Permaneció en el agua quince minutos más, reacio a cambiar el calor y la comodidad por algo que con toda probabilidad fuese mucho menos placentero, hasta que sonó el timbre. Al principio no le hizo caso, pero no paraba de sonar. De manera que se secó, se puso de nuevo el albornoz y bajó a ver quién era. Otra vez.

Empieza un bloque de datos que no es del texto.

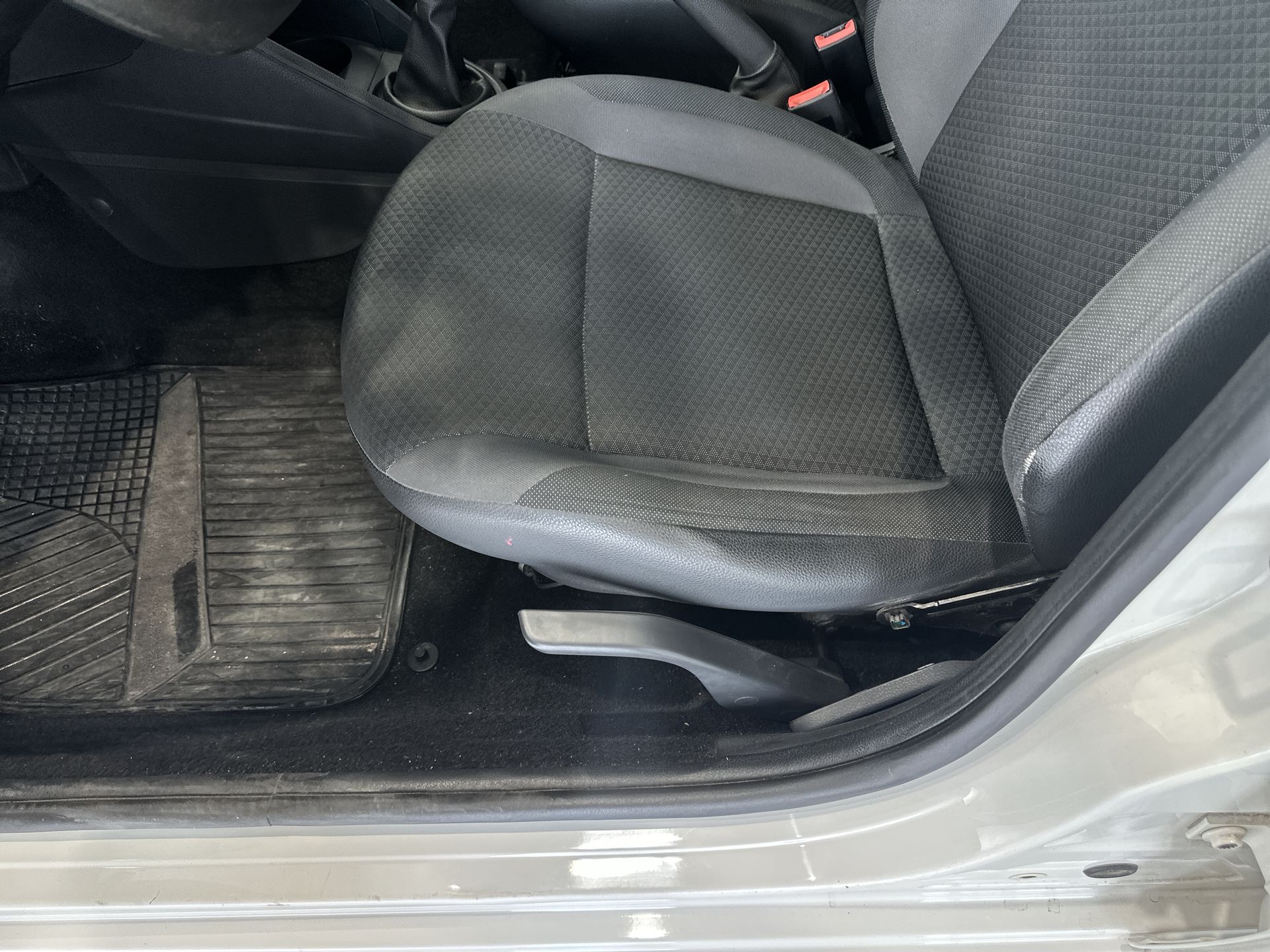 2019 Volkswagen Gol 1.6 Trendline Mt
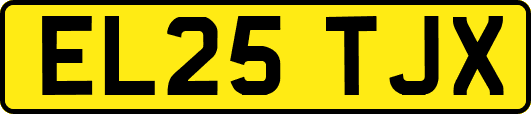 EL25TJX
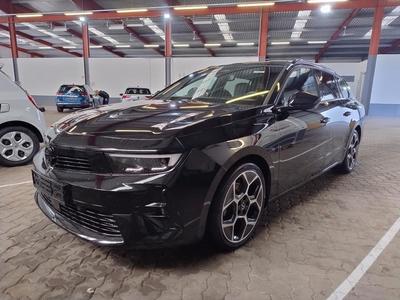 Opel Astra 1.2 SPORTS TOURER 1.2 TURBO AUTOMATIK, 2024
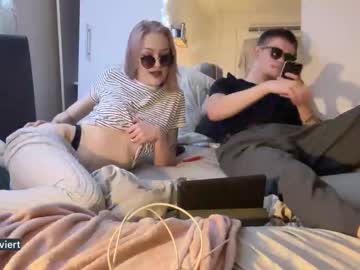 Betterthamyouex April 15, 2025 Chaturbate stream image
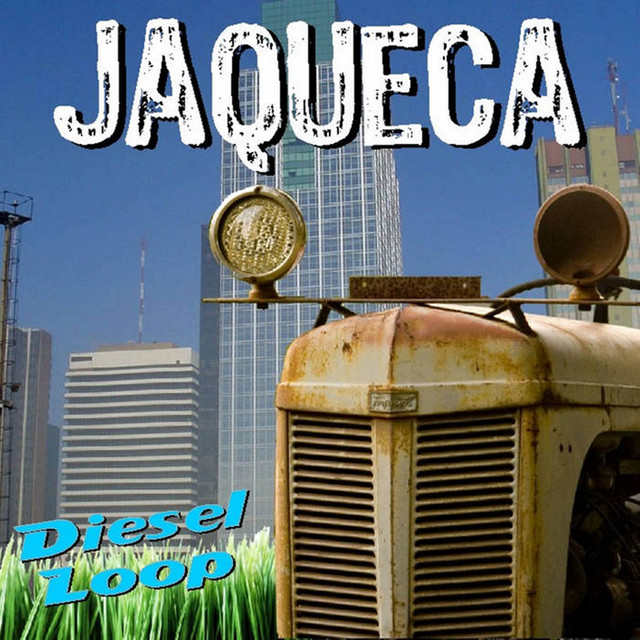 Diesel Loop cover art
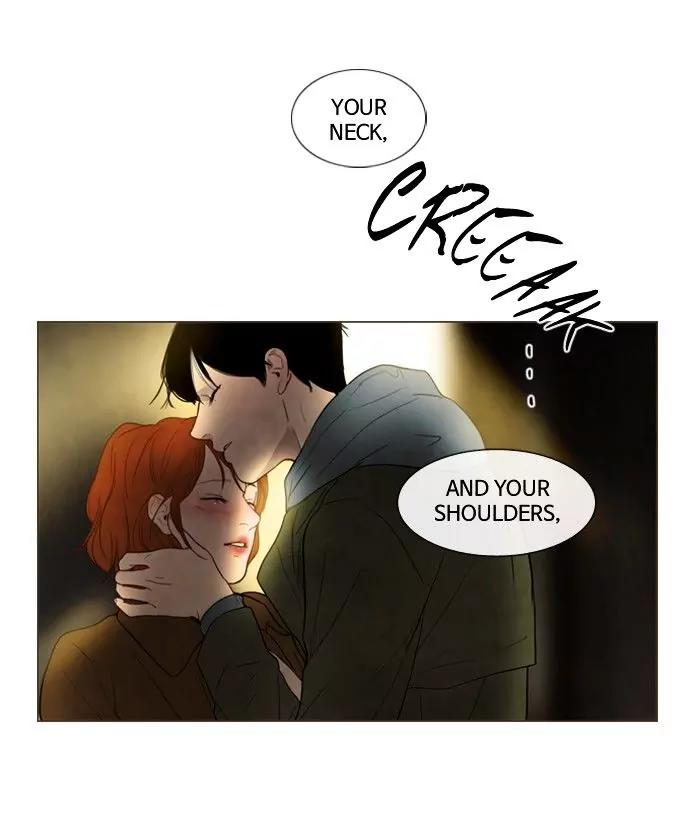 Winter Woods Chapter 114 page 42 - Chapter 114: [Season 2] Ep.59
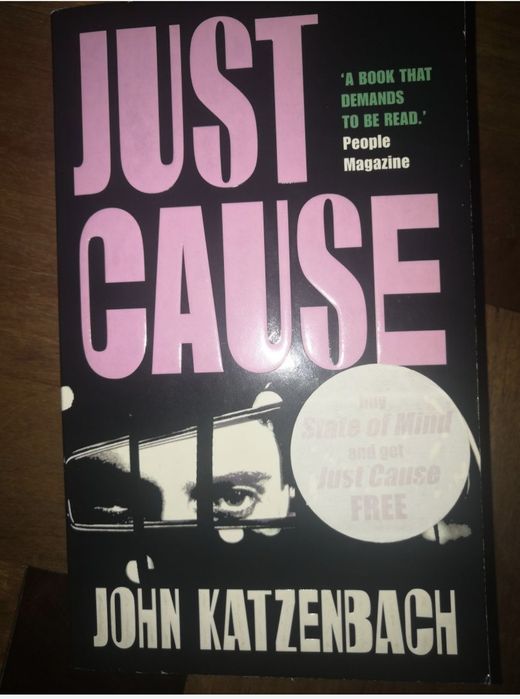 Книга англійською мовою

La calle tenía un aspecto muy distinto de la última vez que la había visto. Había seis coches patrulla aparcados, para empezar. Alrededor de una docena de agentes uniformados había tomado posiciones de tal forma que sería muy complicado que alguien subiera o bajara por la calle con la idea de escapar. Dos furgonetas grandes, de las que Sam Wind utilizaba para transportar a sus ogros, esos trogloditas a los que, por algún motivo, permitía llevar armas, estaban atravesadas en la carretera, impidiendo el paso de coches, bicicletas e incluso transeúntes.

En el umbral estaban Sam Wind, el sargento Maltby y el joven de contraespionaje.

Henry echó un vistazo y a continuación se agachó y cogió la botella de leche que le habían dejado en la puerta.

—Buenos días, Sam. ¿En qué puedo ayudarte?

—Hemos venido a buscar a Angela Meerson.

—No está aquí.

—Sí que está. Ha llegado hace unos veinte minutos. Con una chica.

—¿En serio? Estaba en la bañera. No es de muy buena educación que hayan entrado sin llamar.

—Henry, vas a tener que apartarte y dejar que hagamos esto, ¿sabes? Tenemos que hablar con ella.

Lytten se rascó la cabeza, el cabello aún mojado.

—Muy bien, Sam. Haz lo que te venga en gana. —Abrió la puerta de par en par y vio cómo desfilaban los tres—. ¿Es todo? ¿No crees que también te hará falta el regimiento de Paracaidistas, ya sabes, por si las moscas? Límpiate los zapatos, te lo ruego. Están llenos de barro, y la señora de la limpieza no vendrá hasta mañana.

—¿Dónde está?

—¿Angela? No tengo ni idea. —Se acercó a la escalera y gritó—: ¡¿Angela? ¿Estás ahí abajo? ¿Te importaría subir un momento?!

Se oyó un ruido abajo y del sótano llegó una voz amortiguada:

—Un segundo. Ahora mismo subo.

Henry esbozó una sonrisa forzada.

—¿Lo ves? Sólo tienes que pedirlo.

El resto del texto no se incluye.